- Third year students telling the story of the creation of the universe.
- Demonstrations used to illustrate the scientific concepts in the story. Particles are attracted to each other and the universe smaller than a grapefruit before the Big Bang.
- Outer space is colder than the coldest thing you can imagine.
- The fireball erupted with a big bang.
- The surface of the forming earth was hot and steamy, covered with volcanoes.
- Dense, heavy matter sinks and light matter floats.
- Heat rises.
- Everybody’s favorite: the model of an erupting volcano.
- Drops of rain on the new earth evaporated immediately upon reaching the hot surface.
- Talcott Mountain Science Center. Learning about our solar system.
- The giant sun dial at the top of Talcott Mountain, 946 feet above sea level.
- Standing on the sundial with views of western Connecticut.
- We can see Farmington.
- The research-grade telescope. It was too cloudy for us to see any planets.
- We learned a lot about our universe in the planetarium.
The physical universe, most physicists now agree, came into being between fifteen and twenty billion years ago. If present notions are correct, we can contemplate conditions that existed a minute fraction of a second following the Big Bang, the explosion that gave birth to the cosmic egg. There was a time when what appears now as the entire universe was the size of our Earth, and before that the size of an orange, and before that the size of the head of a pin. That was about one thousandth of a billionth of a second after the beginning.
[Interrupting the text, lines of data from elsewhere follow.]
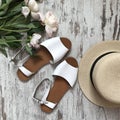 White women`s sandals on wooden background Royalty Free Stock Photo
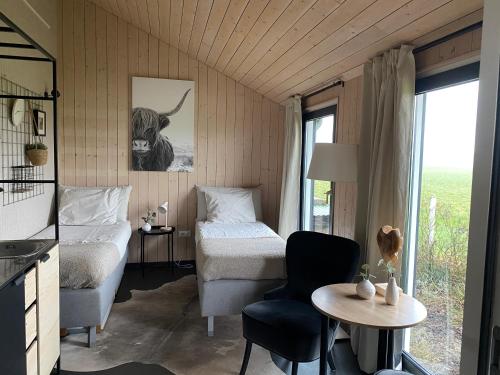 a room with two beds and a table with a desk at Studio op Camperplaats Vechtdal in Nieuwleusen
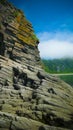 Column basalts formation of Stolbchaty cape at Kunashir, kuril islands, Russia Royalty Free Stock Photo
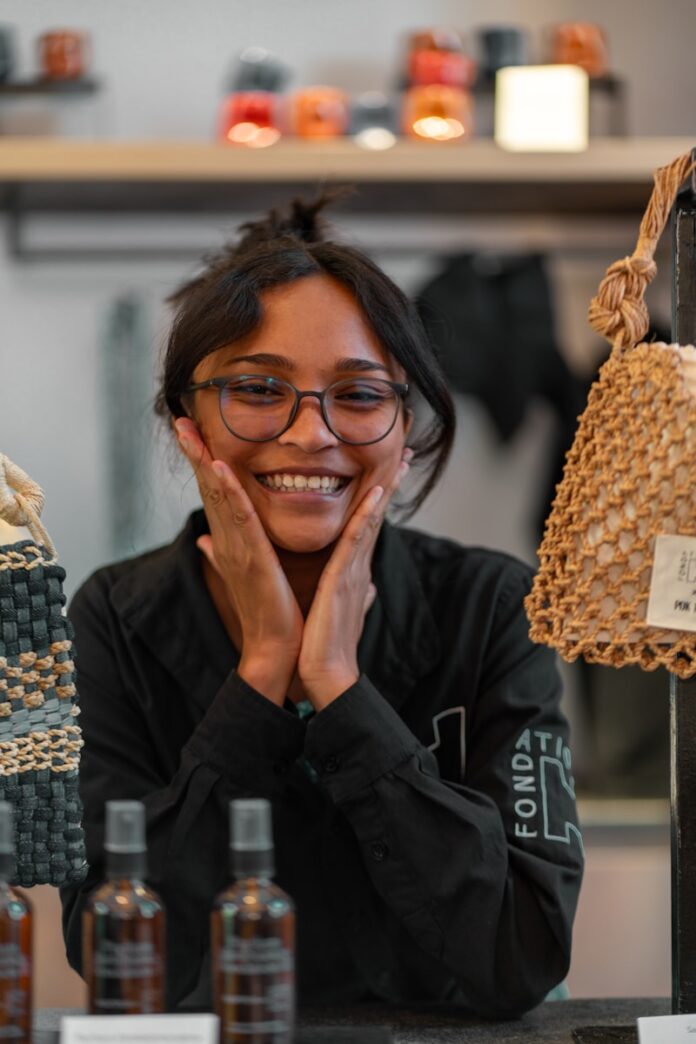 Photo by Shane Ryan Herilalaina Smiling woman with hands on her cheeks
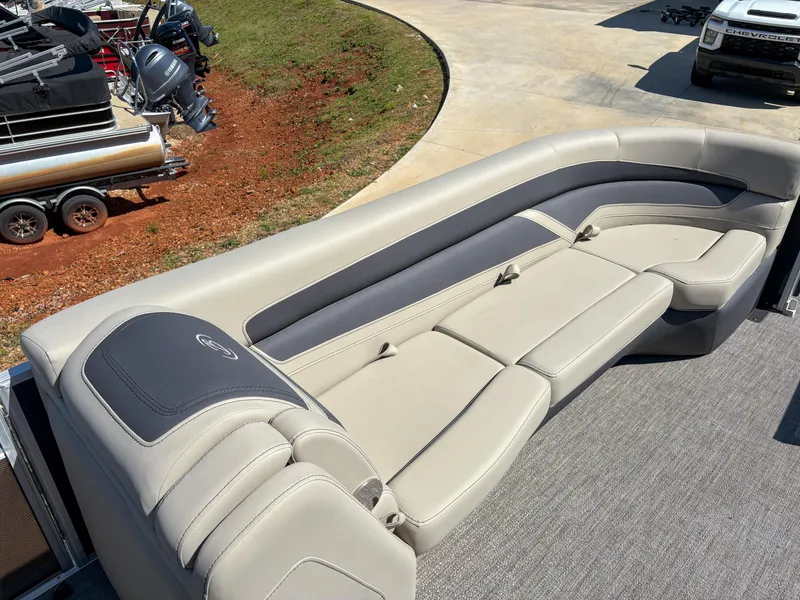 Slide: The Image of 2023 Barletta CABRIO 24 UC boat interior with beige seating and gray accents. - 12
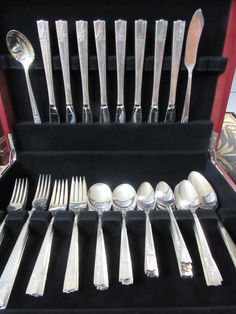 an assortment of silverware in a case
Counting backwards through unimaginably small time intervals and conditions that can be described but not imagined, we can approach time zero, but we can never quite reach it. And we certainly cannot talk about anything before that cataclysmic event. Science comes to a halt there. The end of its tether. There is nothing on the other side that the human mind can grasp.
– Dawn of a Millennium by Erich Harth
We have had a fun week, full of learning! The third year students told the story of the creation of the universe to the younger students, a rite of passage for third years. They read the story and did demonstrations to illustrate scientific concepts. This is the first of Maria Montessori’s Five Great Lessons.
We followed this first Great Lesson with a trip to the planetarium at the Talcott Mountain Science Center to learn more about our universe and solar system. The children heard descriptions and attributes of the planets, learned how a sundial works while standing on a giant sundial, and learned about galaxies, constellations, and stars in the universe during an information-packed planetarium presentation.
We had a wonderful week and it was exciting to do some learning outside of school!